> [Provided material]:
● ● ● ● ● ● ●

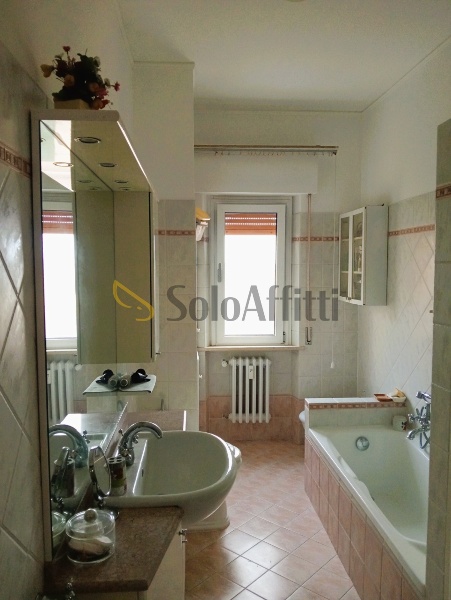 immagine annuncio 7 di 14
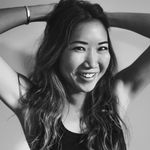 Paige Stacy Baird - @paigesbaird - Instagram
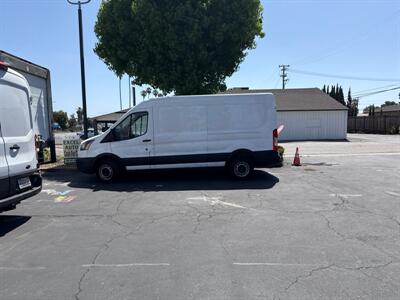 2019 Mercedes-Benz Sprinter 2500   - Photo 73 - Sunnyvale, CA 94087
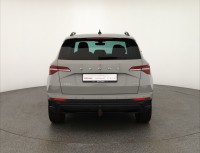 Skoda Karoq 2.0 TDI DSG 4x4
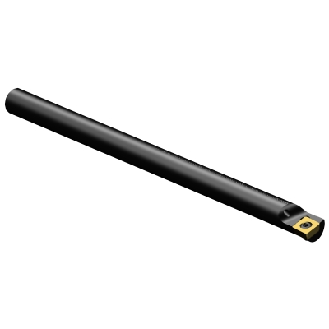E08K-SCLPL 06-R Utensile tornitura-Leggi tutto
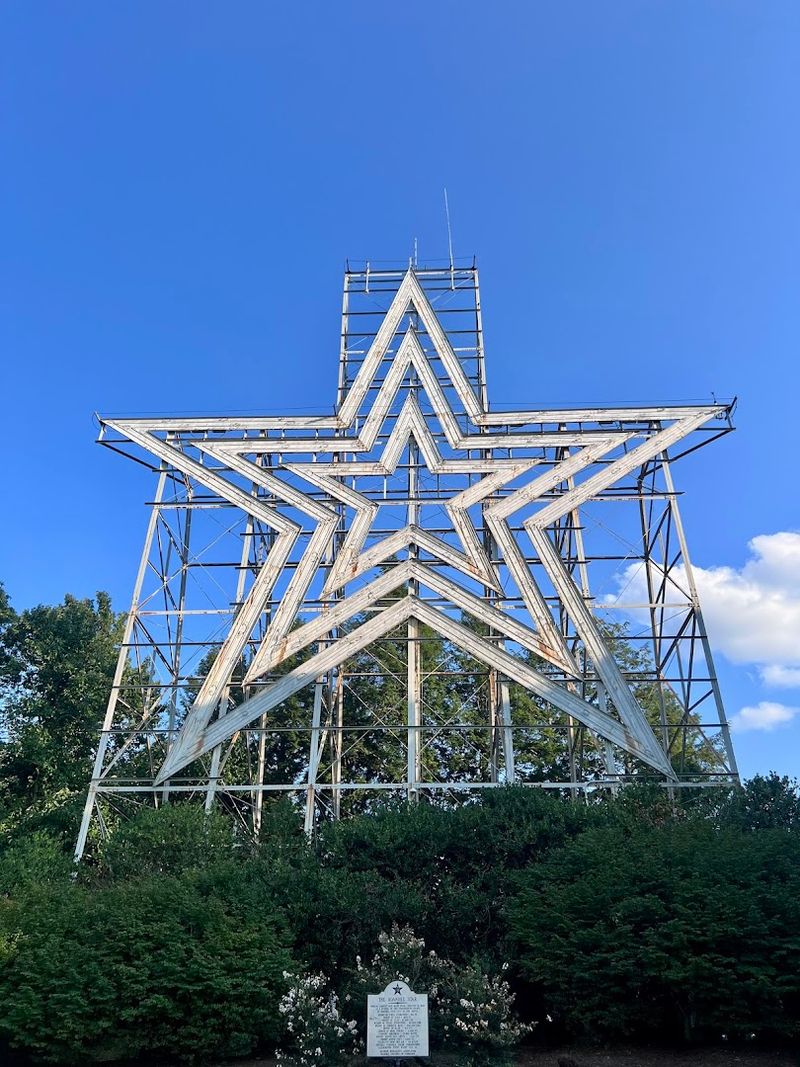 100 Feet of Pure Neon Glory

● ● ● ● ● ● ●

> [Activity]:
For the material above, repeat each line exactly and leave out the pictures.

> [Exercise result]:
 immagine annuncio 7 di 14
 Paige Stacy Baird - @paigesbaird - Instagram
 2019 Mercedes-Benz Sprinter 2500   - Photo 73 - Sunnyvale, CA 94087
 Skoda Karoq 2.0 TDI DSG 4x4
E08K-SCLPL 06-R Utensile tornitura-Leggi tutto
 100 Feet of Pure Neon Glory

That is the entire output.